Pero este olfato goleador no nació de la nada. Ascacibar lo explicó con claridad: «¿Si me sorprende esta racha? La verdad es que venía haciéndolo varios años atrás con Eduardo (Domínguez) en Estudiantes. Él me empezó a decir que tenía que llegar más al arco rival. Lo que sucede es que a veces llegaba y no se daba. Ahora es como que se abrió el arco y hay que seguir aprovechándolo». El dato que certifica la transformación es contundente: en su primer ciclo en Estudiantes, antes de irse al Stuttgart en 2017, el Ruso jugó 50 partidos sin marcar un solo gol. A su regreso en 2023, ya con Domínguez como DT, terminó convirtiendo 18 goles en 146 partidos.
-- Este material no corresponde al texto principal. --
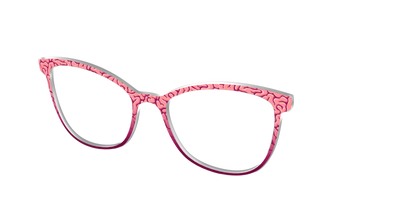 The Brain Matter - Angle Top Thumbnail - Pair Eyewear
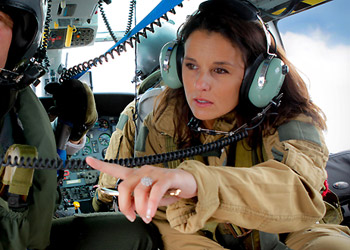 Faustine Bollaert - Photo : © Thomas VOLLAIRE pour TV Magazine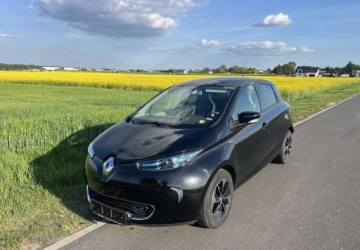 Renault ZOE I R90 92KM 2018 Renault Zoe Renault Zoe BOSE 93KM 41KW BATERIA rok prod: 2018 TYLKO 33TYS, zdjęcie 1
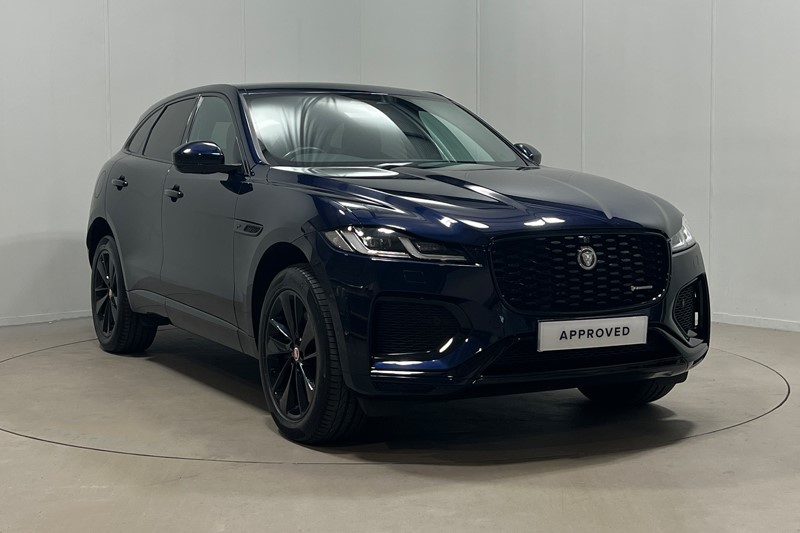 2021 (21) JAGUAR F-PACE 3.0 P400 R-Dynamic SE 5dr Auto AWD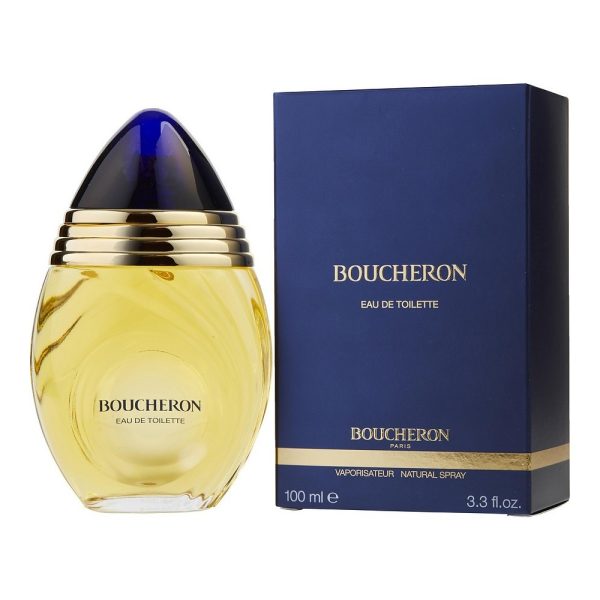 Boucheron Pour Femme EDT 100 ml בושרון אדט 100 מ”ל בושם לאשה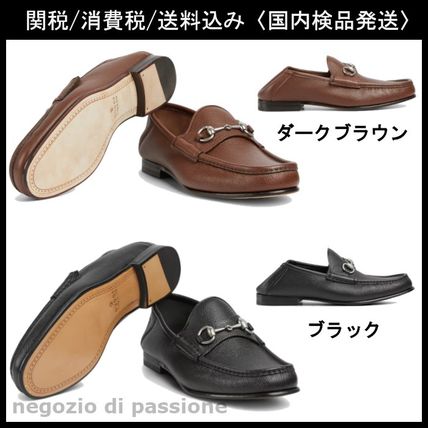 モカシン GUCCI(グッチ) - ブランド通販のBUYMA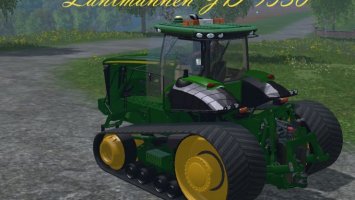 John Deere 9530 ls15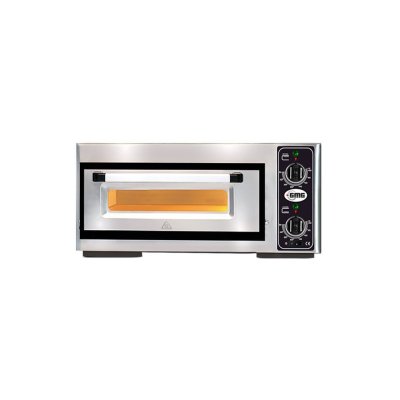 GMG PF 5050 E Ø 25 cm 4 Adet Tepsi Kapasiteli Pizza Fırını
Una diferencia abismal que explica todo.
Fue el Barba Domínguez —yerno de Bianchi, dato que en Boca no pasa desapercibido— quien lo soltó de la marca posicional y lo empujó al área. En Europa también había asimilado algo de ese cambio, pero fue en Estudiantes donde terminó de potenciarse. Hoy, en Boca, su promedio goleador supera incluso al que tenía en el Pincha. Él, sin embargo, no se queda con los laureles: «El equipo está encontrando el funcionamiento. Lo que nos fueron pidiendo en la pretemporada. Todo eso a nosotros nos ayudó mucho y se está demostrando en los partidos», le dijo a Olé.
Lo que está haciendo Ascacibar en este 2026 es uno de los fenómenos más interesantes del Boca de Arruabarrena. Un volante central que se convirtió en referencia ofensiva sin perder su esencia de trabajo y sacrificio es exactamente el tipo de jugador que un equipo necesita para pelear en serio una Copa Sudamericana. Si el Ruso —o el Haaland, según prefieran sus compañeros— mantiene este nivel en los cuartos de final ante San Pablo, Boca va a tener una carta muy difícil de neutralizar para cualquier rival.